ABOUT THIS TASK »
While you copy the lines below, skip the pictures and keep the rest exact.

Captioned web image data:
=== Begin Enclosure ===

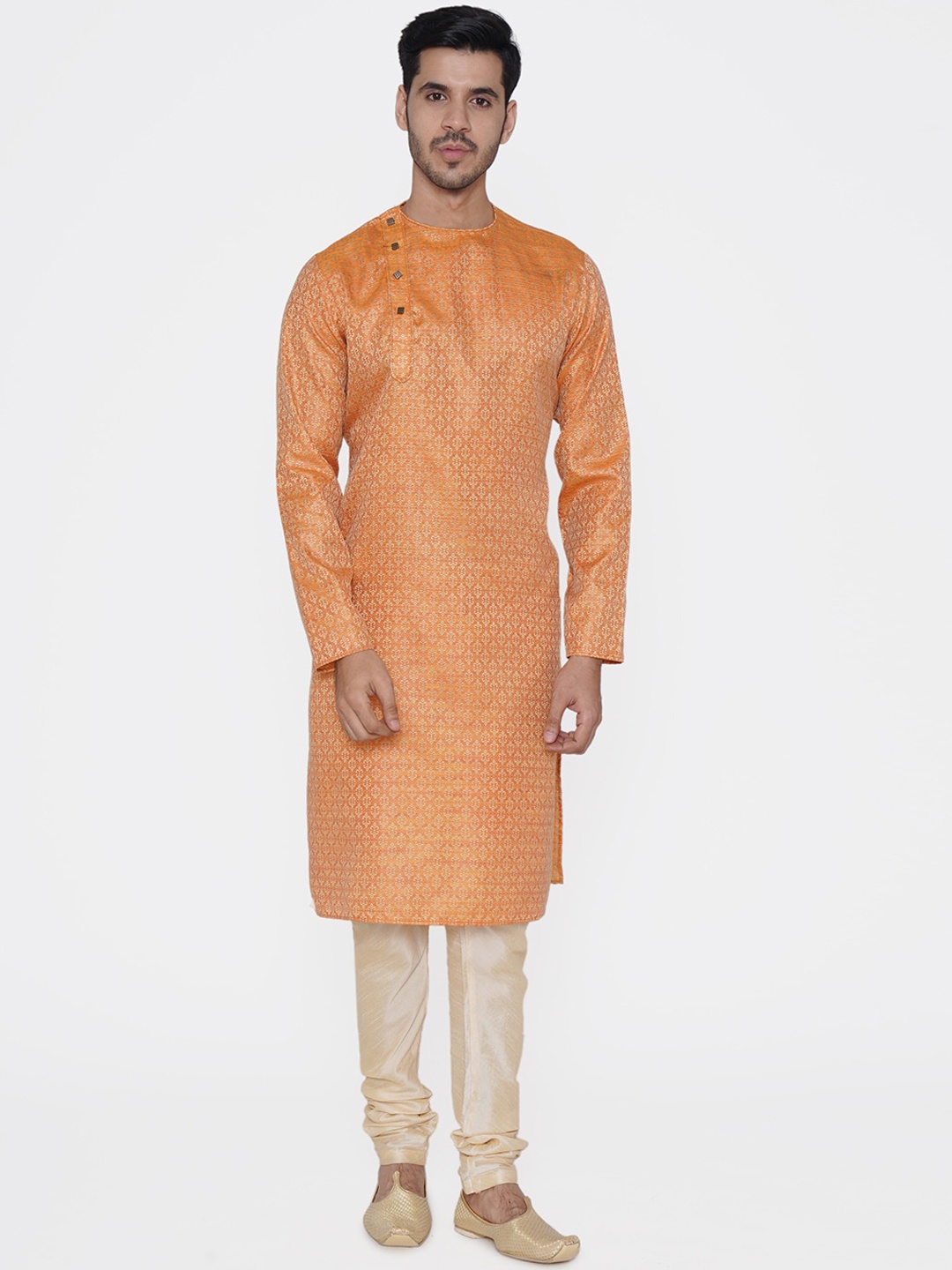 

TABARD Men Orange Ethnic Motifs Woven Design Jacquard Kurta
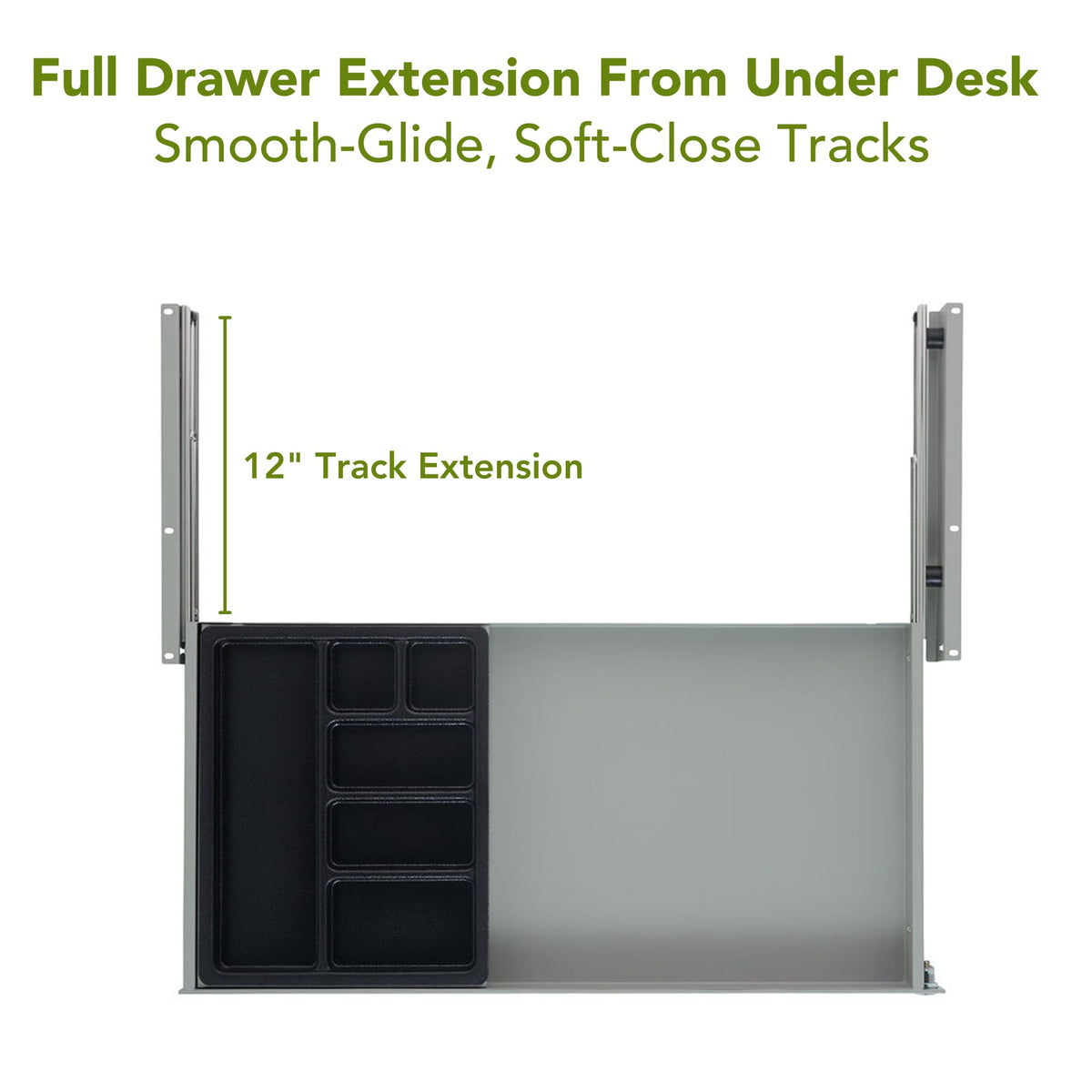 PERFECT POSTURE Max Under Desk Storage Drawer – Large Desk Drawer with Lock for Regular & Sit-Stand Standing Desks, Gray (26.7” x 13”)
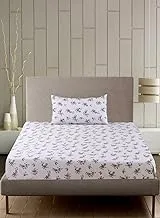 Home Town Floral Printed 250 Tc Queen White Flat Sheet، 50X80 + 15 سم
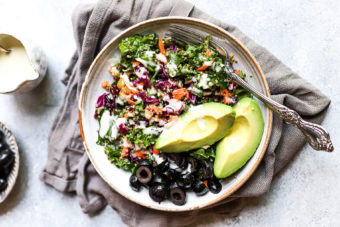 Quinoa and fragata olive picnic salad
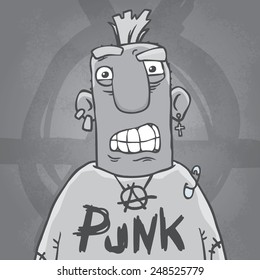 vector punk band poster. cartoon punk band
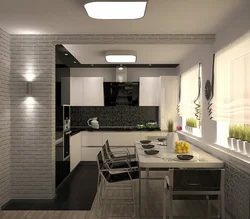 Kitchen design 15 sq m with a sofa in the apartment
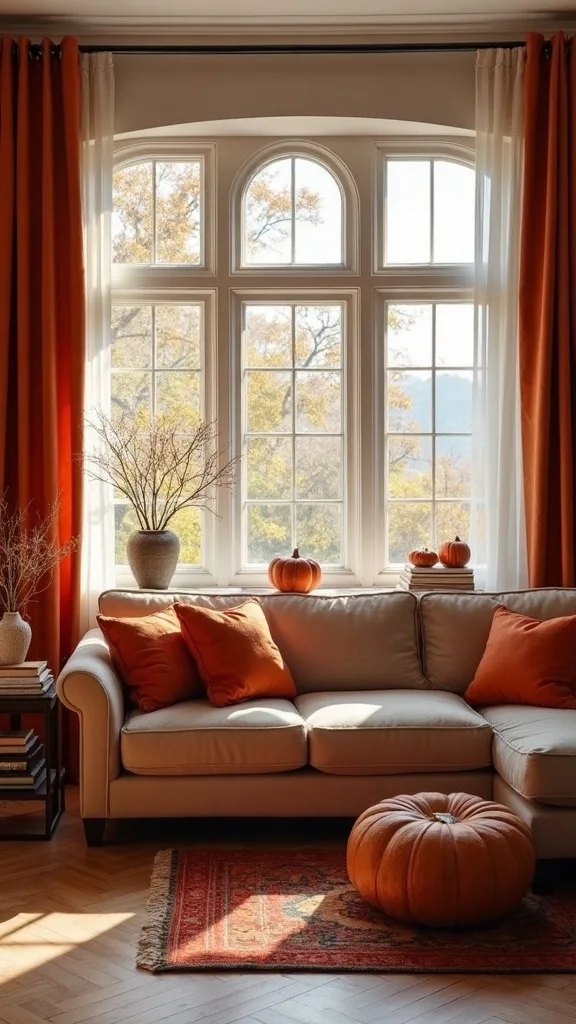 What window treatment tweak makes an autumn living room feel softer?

=== End Enclosure ===

RESULT »
TABARD Men Orange Ethnic Motifs Woven Design Jacquard Kurta
 PERFECT POSTURE Max Under Desk Storage Drawer – Large Desk Drawer with Lock for Regular & Sit-Stand Standing Desks, Gray (26.7” x 13”)
 Home Town Floral Printed 250 Tc Queen White Flat Sheet، 50X80 + 15 سم
 Quinoa and fragata olive picnic salad
 vector punk band poster. cartoon punk band
 Kitchen design 15 sq m with a sofa in the apartment
 What window treatment tweak makes an autumn living room feel softer?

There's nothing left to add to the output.